2. The invention of claim 1 further comprising second thermostatically controlled bypass means for normally circulating said second cooling liquid through said second radiator when the temperature of said second cooling liquid exceeds a predetermined level but for bypassing said second radiator and for communicating said second cooling liquid directly to the inlet to said second pump means when the temperature of said second cooling liquid falls below said predetermined level.
3. The invention of claim 1 further comprising another heat exchanger operatively connected in said first closed circuit means and to said engine for circulating engine oil in heat exchange relationship with said first cooling liquid.
4. The invention of claim 2 wherein said first bypass means is operatively connected between the outlet of said engine and said first radiator and wherein said second bypass means is operatively connected between the outlet of said heat exchanger and said second radiator.

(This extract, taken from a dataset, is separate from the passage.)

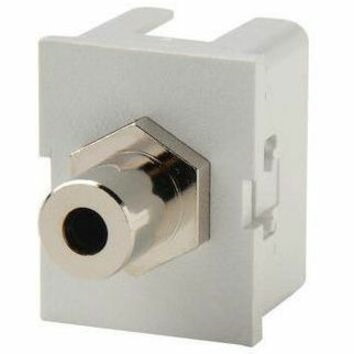 Ortronics TracJack Module. 3.5mm Stereo Jack, F/F, 180-Degree Exit, Cloud White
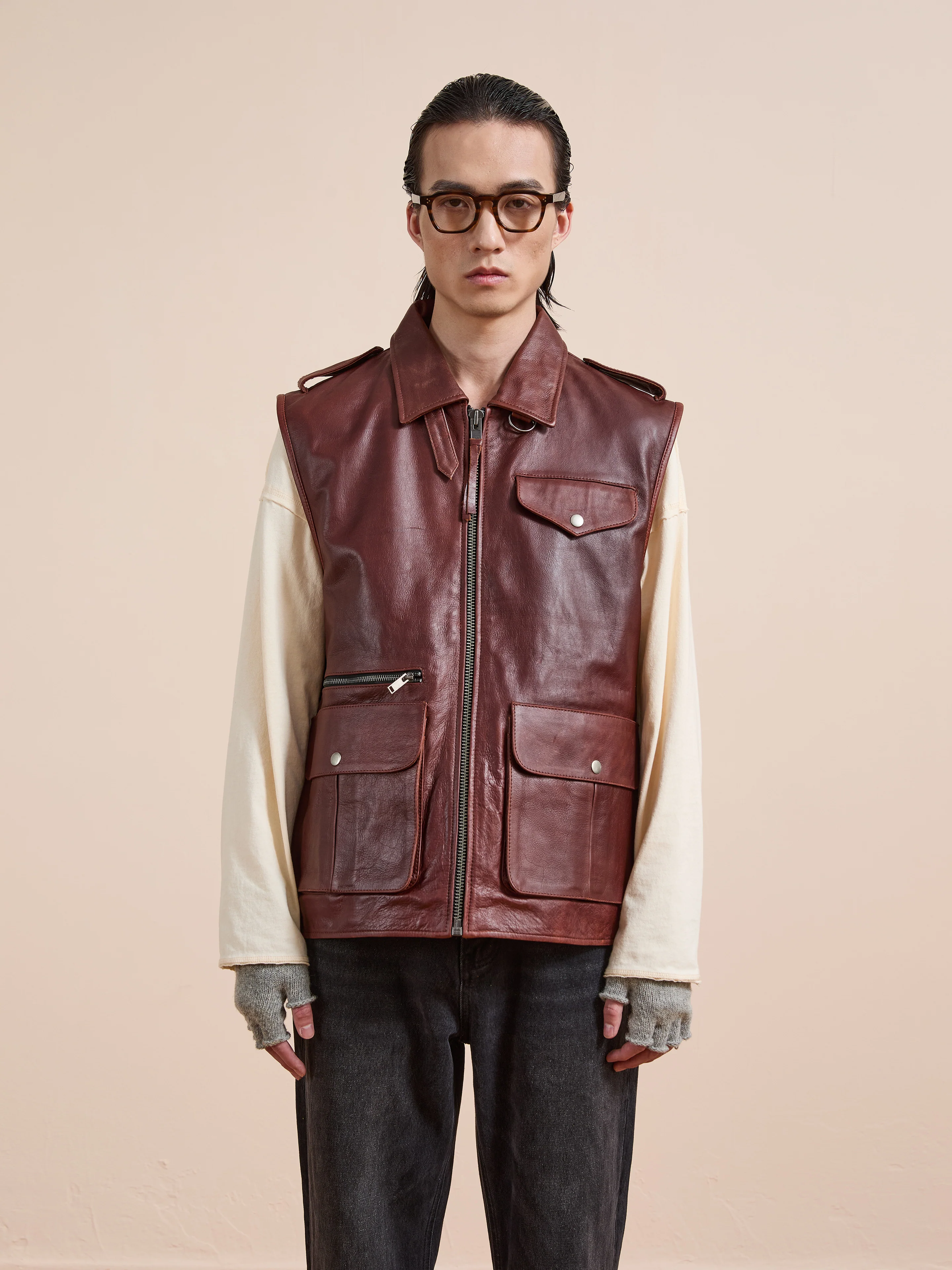Leather Pocket Vest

5. The invention of claim 2 wherein said first bypass means is operatively connected between the outlet from said first radiator and said first pump means and wherein said second bypass means is operatively connected between an outlet from said second radiator and said second pump means.

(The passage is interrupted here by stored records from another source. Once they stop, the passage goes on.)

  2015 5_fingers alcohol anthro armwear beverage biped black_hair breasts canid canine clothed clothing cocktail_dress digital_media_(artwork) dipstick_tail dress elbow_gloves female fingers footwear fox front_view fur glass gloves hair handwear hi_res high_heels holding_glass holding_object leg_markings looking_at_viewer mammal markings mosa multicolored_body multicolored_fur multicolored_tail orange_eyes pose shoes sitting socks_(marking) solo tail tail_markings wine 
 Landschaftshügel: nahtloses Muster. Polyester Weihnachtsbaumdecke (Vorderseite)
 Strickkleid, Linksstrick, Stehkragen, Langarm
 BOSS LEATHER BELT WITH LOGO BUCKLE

6. The invention of claim 1 wherein said retarder heat exchanger is operatively connected between the outlet from said second pump means and the inlet to said turbocharger heat exchanger.
7. The invention of claim I wherein said retarder heat exchanger is operatively connected between the outlet from said turbocharger heat exchanger and said second radiator.
8. in a dual cooling system for an internal combustion engine, having a turbocharger operatively connected thereto, comprising a first closed circuit means, including a first air-to-liquid radiator, for circulating a first liquid therein to cool an internal combustion engine and a second closed circuit means, including a second air-to-liquid radiator, for cooling an auxiliary device, for circulating a second liquid therein, the invention comprising-a single supply and expansion tank having baffle means therein dividing a chamber of said tank into first and second substantially isolated compartments communicating with said first and second closed circuit means, respectively, for at least substantially equalizing pressures therebetween but for preventing intermixing of said first and second liquids, said baffle means is vertically disposed in the chamber of said tank and further comprising first and second horizontally disposed baffle plates in said first and second compartments, respectively, to divide each compartment into a pair of sub-compartments and vent means extending through each of said baffle plates to communicate each pair of sub-compartments with each other.
9. The invention of claim 8 wherein said tank further comprises a filler tube having a pressure cap removably attached thereto for filling purposes, said baffle means extending partly into said filler tube.
10. The invention of claim 8 wherein said baffle means is vertically disposed in the chamber of said tank and comprises a passage formed through said baffle means adjacent the upper end thereof to communicate said first and second compartments.